Without habits, most people live on the hamster wheel: start the diet, see progress, feel the negative symptoms, rely on willpower, give up, sabotage, default back to eating shit, beat themselves up, search for the next diet. With habits, your defaults get stronger — and even when you wobble, you bounce back quicker.

Trust the process. You might be miles behind someone else watching this. Doesn't matter. You level up week by week.

What you get from me each week

  • A lecture on Monday (this one)
  • Check-ins on Thursday
  • A mini lecture mid-week (Wednesday-ish) when needed
  • A Friday Q&A and roundup

Drop your questions in the group through the week so I can hit them on Friday.

Environment beats willpower

What looks like discipline is usually a carefully crafted environment. The people in the best shape aren't superheroes — their kitchen, work and home support them. No shit in the house. Tempting snacks out of sight. Habits run on autopilot because the environment is doing the heavy lifting.

If the biscuits are in the drawer at hip height, you'll eat them. If there's a snack drawer at work full of bars, you'll smash it. If the bars aren't there, problem solved — without spending a drop of willpower.

Look at four environments. Which can you improve?

  • Home — kitchen, fridge, snack cupboards. What's in eyeline?
  • Work — desk drawer, vending machine, "free biscuits" tin in the break room.
  • Training — what's in your gym bag, what you eat pre/post session, where you stop on the way home.
  • Social — who you're seeing, where you're eating, what defaults you're walking into.

You can give a fish all the nutrients in the world, but if the water's dirty, it's still a shitty environment. Clean the water. Stop relying on willpower.

Eating out — the swaps

Not every meal out has to be a three-course event. You can go to a restaurant and order a chicken salad, an omelette, or a steak. The "treat" mindset is what wrecks the week.

Defaults to lean on:

  • Limit anything deep-fried.
  • Go for grilled meat or fish.
  • Always add veg if it doesn't come with the meal — just ask.
  • Skip the bread basket — or save it for mopping the sauce, not for filler before the meal arrives.

Cooking-style swaps:

  • Crispy → grilled
  • Breaded → steamed
  • Dipped → baked
  • Creamed → braised
  • Glazed → poached

Direct meal swaps:

  • Deep-fried prawns / calamari → garlic-and-chilli prawns
  • Breaded fish or meat → baked or grilled fish or meat
  • Triple-cooked chips → baked wedges
  • Burger or ribs → boneless burger or steak
  • Creamy sauces → bone-broth-based sauces
  • Rice → extra veg, cauliflower rice, or spinach

Shift work — if your day isn't a normal day

If you're on shift, broken days are reality. Adjust the structure: 3 meals + 2 snacks, maybe a shake, built around your breaks. Five things to lock in:

  1. Don't start your shift hungry. Eat a balanced meal before you clock in — protein, carbs, fats, fibre.
  2. Easy portable meals. Bagels, wraps, sandwiches if you're grabbing food on the move. Beats trying to sit and eat from a tub.
  3. Caffeine management. Eight-hour rule — no caffeine within 8 hours of when you need to sleep. Adjust based on your shift, not the clock.
  4. Hydrate. Don't run the whole shift on coffee.
  5. Bring your own snacks. Vending machines and break rooms are killers — muffins, crisps, biscuits everywhere. Pack ahead: nuts, fruit, bars, smoothies, rice cakes, hummus pots, yoghurt, flaxseed-and-fruit, boiled eggs.

Quick Q&A from the group

"If I hit my protein target, can I go over — or is going over bad?"
Going over is fine. Don't massively overshoot for the sake of it, but a bit over your protein target won't hurt anything.
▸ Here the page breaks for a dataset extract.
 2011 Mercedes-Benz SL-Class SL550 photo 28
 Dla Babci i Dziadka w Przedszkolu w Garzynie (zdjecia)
"If I hit my calorie limit and I'm low on protein, do I go over on calories to hit protein?"
Prioritise the protein. If you went over slightly to hit it, reduce calories a touch over the next couple of days to balance it out. One-off? Don't even worry about it.

Week 1 action points

  1. Lock in the 5 habits.
  2. Plan tomorrow's food on MyFitnessPal — tonight.
  3. Pick 2–3 simple staple meals and repeat them.
  4. Build a shopping and eating routine.
  5. Audit your environment (home / work / training / social) and remove one friction point.
  6. If you eat out this week, use the swap list.
  7. Adapt for shifts if that's your life.

I'll drop a mini lecture mid-week and a Q&A on Friday. Get your questions in. Let's get to work.